Levenshtein on dataframe column and input list

157 Views Asked by At

New to pyspark and I need to do fuzzy match. Found that levenhenstein is a native function which can do that. I have a dataframe like this:

+----------------+----------------+ | col1| col2|
+----------------+----------------+ | apple| egg|
| mango| bread|
| banana| butter|

And an input list like ["apples","mango"]. I need to get all the (fuzzy) matches from col1 and input list.

I am using the following code:

input_array=["apples","mango"]
keyword_array=array([lit(x) for x in input_array])
keyword_string = array_join(keyword_array, "|")
result_df = df.filter(levenshtein("col1", keyword_string)<5)
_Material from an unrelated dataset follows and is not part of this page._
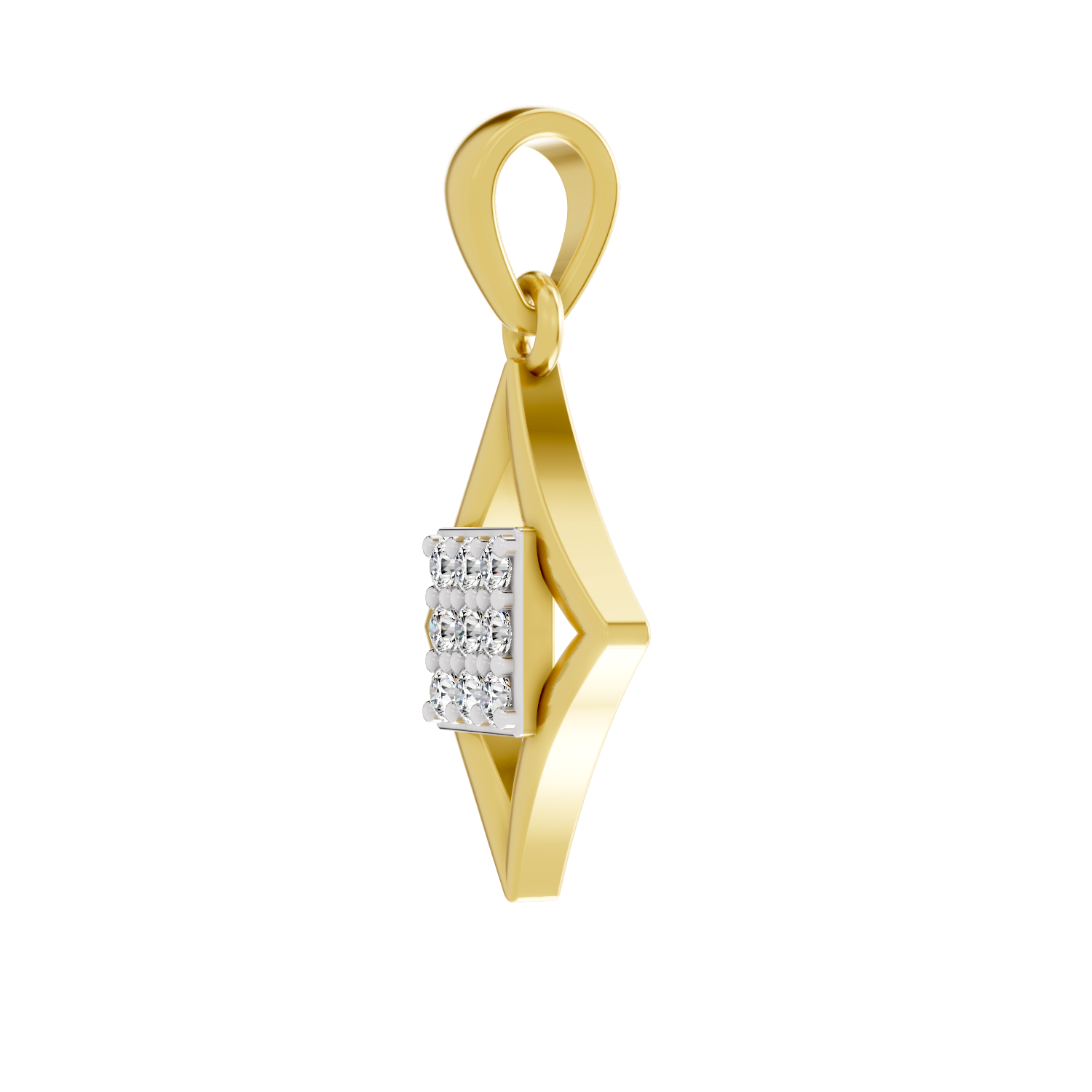 Lab Grown Diamond 0.11CT 925 Sterling Silver Gold Plated Round Shape Pendant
levenshtein can only have parameters both as column or second one can be string. This code does not give any error, but it also does not give any result also(result_df.show() shows empty dataframe). Can anyone let me know what I am doing wrong in this or the best approach to achieve this?

1

There are 1 best solutions below

1
notNull On

You are not getting any row qualified for the filter condition.

Example:

df = spark.createDataFrame([('apple','egg'),('mango','bread'),('banana','butter')],['col1','col2'])
input_array=["apples","mango"]

keyword_array=array([lit(x) for x in input_array])
keyword_string = array_join(keyword_array, "|")
df.withColumn("keyword_tmp",keyword_string).\
withColumn('distance',levenshtein("col1", "tmp")).show(10,False)
#+------+------+------------+--------+
#|col1  |col2  |keyword_tmp |distance|
#+------+------+------------+--------+
#|apple |egg   |apples|mango|7       |
#|mango |bread |apples|mango|7       |
#|banana|butter|apples|mango|10      |
#+------+------+------------+--------+

As shown above the distance shows 7 but your filter condition has the distance of <5.

Change your filter condition to result_df = df.filter(levenshtein("col1", keyword_string)<8) to get your result.